* _Assignment_:
Only the lines below from the one containing "Ankara'da sağanak sonrası" through the one containing "2025 GMC Sierra 3500 HD Pro" belong in the answer, repeated exactly and without pictures.

* _Records supplied_:
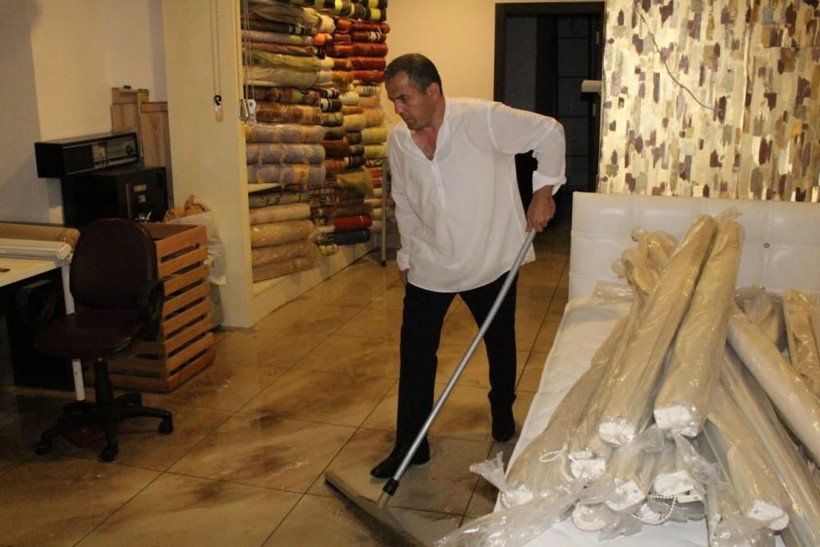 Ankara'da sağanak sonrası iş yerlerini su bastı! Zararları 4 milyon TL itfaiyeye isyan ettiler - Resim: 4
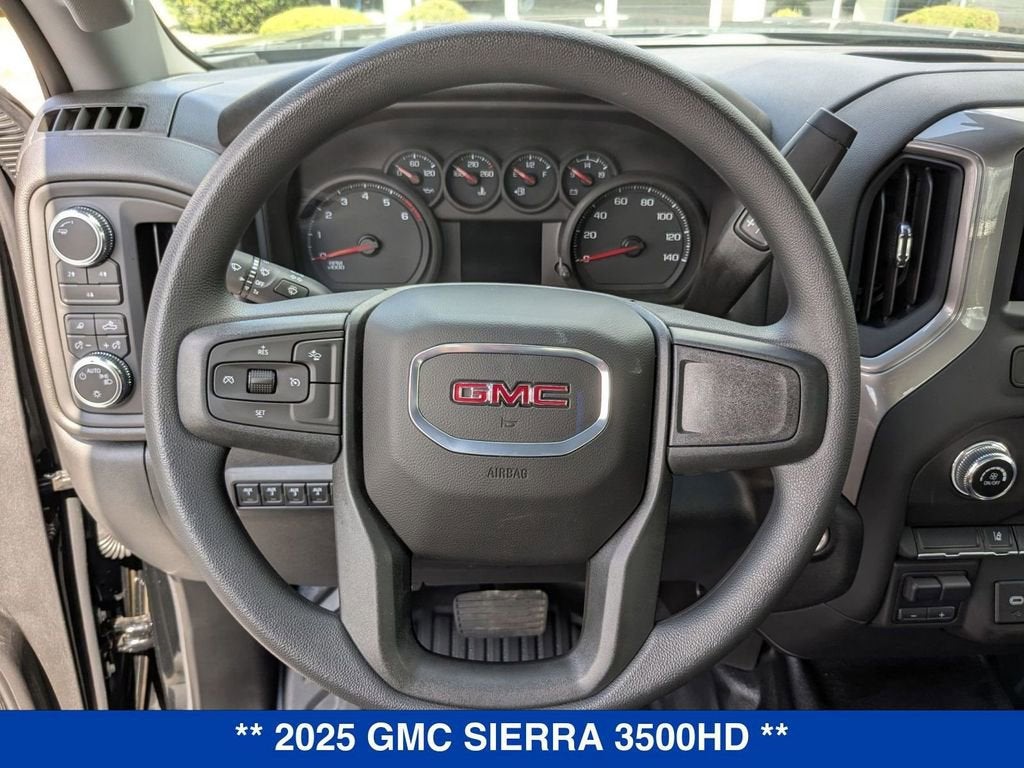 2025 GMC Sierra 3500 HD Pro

...

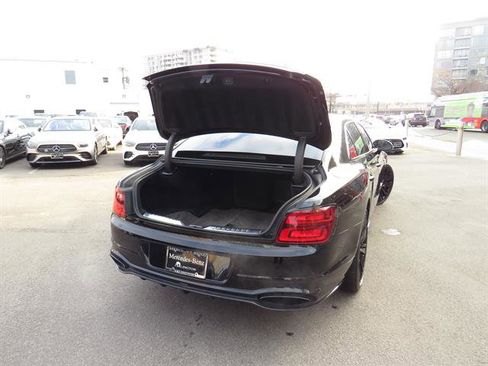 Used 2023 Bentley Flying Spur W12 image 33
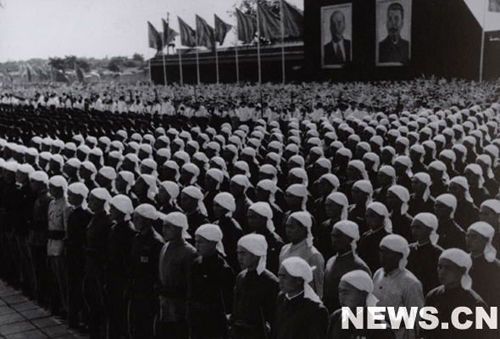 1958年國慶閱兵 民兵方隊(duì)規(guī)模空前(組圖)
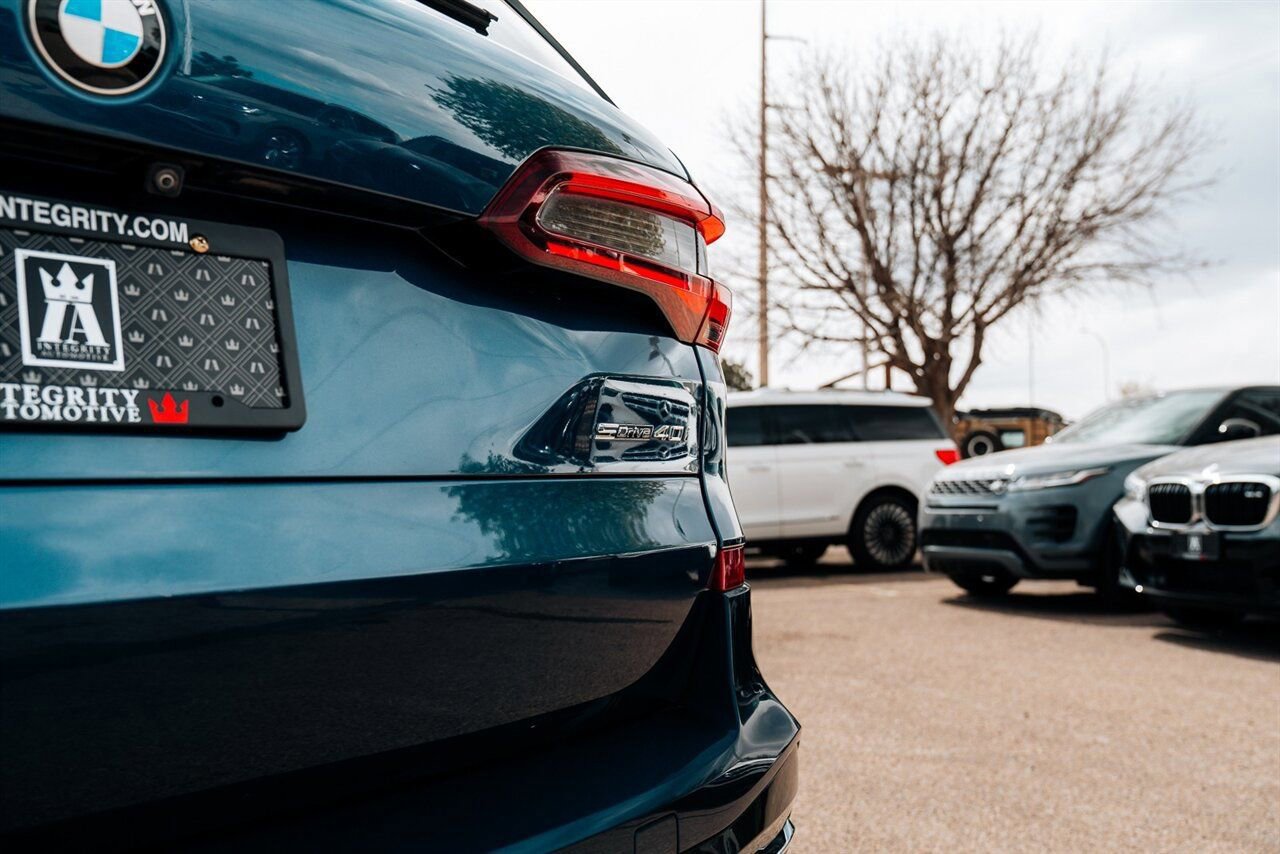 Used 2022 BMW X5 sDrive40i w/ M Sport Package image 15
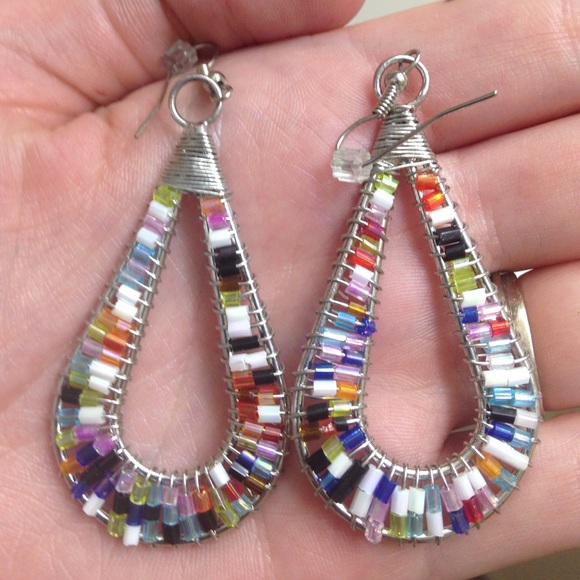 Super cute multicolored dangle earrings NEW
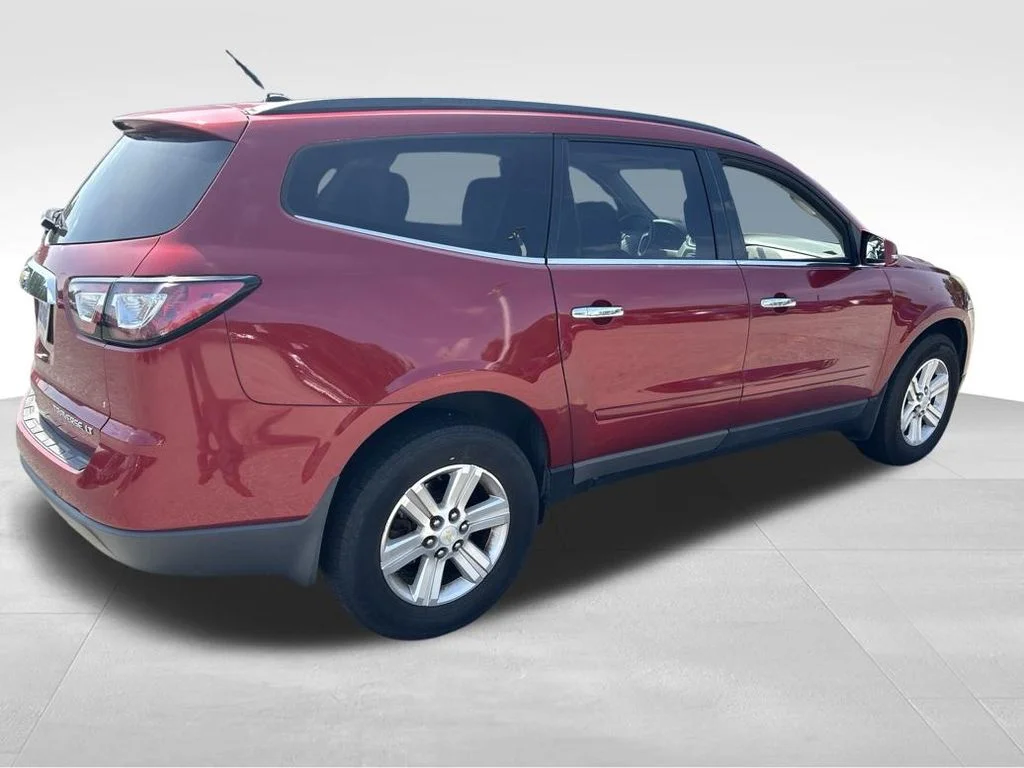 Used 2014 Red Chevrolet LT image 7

* _Response to this exercise_:
 Ankara'da sağanak sonrası iş yerlerini su bastı! Zararları 4 milyon TL itfaiyeye isyan ettiler - Resim: 4
 2025 GMC Sierra 3500 HD Pro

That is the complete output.